- Netanyahu claims Iran lost uranium enrichment and missile capabilities.
- Reuters reports no evidence provided supporting Israeli claims.
- Israel confirms unilateral strike on South Pars gas field.
- Iran continues missile attacks, rejects Israeli assessment of damage.
Israeli Prime Minister Benjamin Netanyahu declared at a press conference in Jerusalem on Thursday that Iran has been stripped of its ability to enrich uranium and manufacture ballistic missiles, marking Day 20 of the US-Israeli air campaign with claims that, if accurate, would represent a fundamental transformation of the Middle East's nuclear balance.
Reuters, which reported his comments, noted explicitly that Netanyahu provided no evidence for his central claim that Iran no longer had the capacity to enrich uranium.

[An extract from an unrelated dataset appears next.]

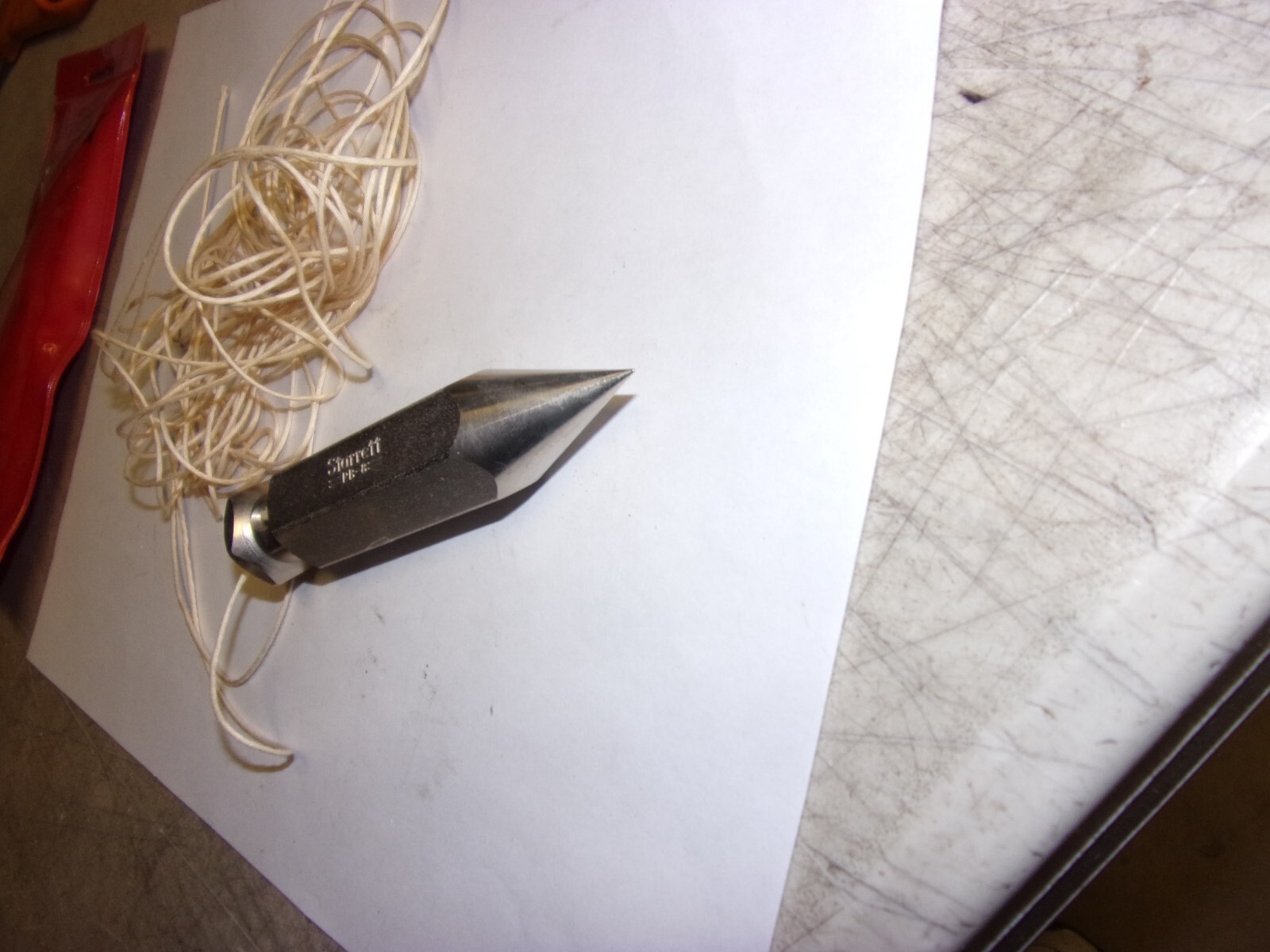 STARRETT #PB-8 Plumb Bob. Solid Steel, 8 oz. NOS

"We are winning, and Iran is being decimated. What we're destroying now are the factories that produce the components to make these missiles and to make the nuclear weapons that they're trying to produce."- Benjamin Netanyahu, Prime Minister of Israel, Jerusalem press conference, March 19, 2026
Netanyahu said that the joint campaign had two of its three stated goals within reach destroying Iran's nuclear enrichment capacity and eliminating its ballistic missile production infrastructure.
He said the third goal, the fall of the clerical regime, was now a matter for the Iranian people themselves. He was direct about the limits of air power in achieving that objective.

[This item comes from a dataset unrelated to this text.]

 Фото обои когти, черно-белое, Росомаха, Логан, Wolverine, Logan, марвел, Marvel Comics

No Evidence Provided for Nuclear Claim
The claim that Iran has lost all uranium enrichment capacity is the most significant claim Netanyahu has made since the war began and one that independent experts say cannot be verified from open-source information.
Iran had been enriching uranium to 60 percent purity before the campaign began, a critical threshold that placed it a short technical step from weapons-grade 90 percent enrichment.
Natanz, Fordow and Isfahan were all struck in the campaign's opening days. Satellite imagery published by the Institute for Science and International Security had previously shown evidence of damage at Natanz, though a new roof had been photographed over a previously destroyed building there as recently as January 30.
The IAEA has not yet been able to conduct an inspection. Iran has maintained throughout the conflict that its nuclear program was intended for peaceful civilian purposes, a characterization the US and Israel rejected as the stated justification for the February 28 strikes.
US Secretary of State Marco Rubio earlier this week confirmed that the operation's timing was driven partly by the assessment that an independent Israeli strike was imminent and that Iran would retaliate against US forces regardless, making coordinated participation preferable to being drawn in later.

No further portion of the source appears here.